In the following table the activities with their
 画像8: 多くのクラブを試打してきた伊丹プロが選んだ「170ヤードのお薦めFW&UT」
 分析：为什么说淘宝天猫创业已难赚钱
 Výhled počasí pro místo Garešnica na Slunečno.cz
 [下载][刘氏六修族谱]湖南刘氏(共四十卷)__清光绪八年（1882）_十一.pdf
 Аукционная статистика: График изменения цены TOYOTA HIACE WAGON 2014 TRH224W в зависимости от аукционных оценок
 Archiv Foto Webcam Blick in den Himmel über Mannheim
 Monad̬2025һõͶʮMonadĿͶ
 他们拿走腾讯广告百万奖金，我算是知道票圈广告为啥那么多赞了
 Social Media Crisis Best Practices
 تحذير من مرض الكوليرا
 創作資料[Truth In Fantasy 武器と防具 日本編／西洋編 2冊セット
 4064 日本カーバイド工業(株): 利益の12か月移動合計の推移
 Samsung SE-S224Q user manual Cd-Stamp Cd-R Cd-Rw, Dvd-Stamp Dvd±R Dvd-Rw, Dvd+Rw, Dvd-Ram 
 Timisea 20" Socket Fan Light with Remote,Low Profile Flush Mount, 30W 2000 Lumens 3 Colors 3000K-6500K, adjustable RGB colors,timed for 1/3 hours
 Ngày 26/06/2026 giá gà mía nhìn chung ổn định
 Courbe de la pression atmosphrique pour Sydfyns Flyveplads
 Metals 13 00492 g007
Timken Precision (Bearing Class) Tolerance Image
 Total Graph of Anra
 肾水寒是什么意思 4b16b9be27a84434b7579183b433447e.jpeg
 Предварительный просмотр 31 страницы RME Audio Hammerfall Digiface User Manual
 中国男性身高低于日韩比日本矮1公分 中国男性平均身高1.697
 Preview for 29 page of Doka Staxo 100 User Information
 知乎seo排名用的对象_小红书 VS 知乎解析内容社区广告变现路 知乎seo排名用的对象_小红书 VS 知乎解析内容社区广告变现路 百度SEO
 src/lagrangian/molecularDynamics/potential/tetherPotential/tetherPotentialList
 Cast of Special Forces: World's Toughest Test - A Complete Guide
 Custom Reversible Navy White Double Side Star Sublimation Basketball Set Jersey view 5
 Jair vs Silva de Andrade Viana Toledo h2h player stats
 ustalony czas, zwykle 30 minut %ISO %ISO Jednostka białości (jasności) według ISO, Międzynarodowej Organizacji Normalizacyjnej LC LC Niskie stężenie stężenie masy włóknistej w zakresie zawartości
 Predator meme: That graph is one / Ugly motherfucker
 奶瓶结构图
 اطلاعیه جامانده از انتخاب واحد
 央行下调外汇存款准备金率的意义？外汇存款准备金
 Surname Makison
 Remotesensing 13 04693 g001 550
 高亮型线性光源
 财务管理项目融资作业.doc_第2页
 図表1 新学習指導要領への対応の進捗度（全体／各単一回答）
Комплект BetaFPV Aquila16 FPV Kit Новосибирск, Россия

=== What you have to do ===
Reproduce every line of the records containing the string "with".

=== Answer area ===
In the following table the activities with their
 Timisea 20" Socket Fan Light with Remote,Low Profile Flush Mount, 30W 2000 Lumens 3 Colors 3000K-6500K, adjustable RGB colors,timed for 1/3 hours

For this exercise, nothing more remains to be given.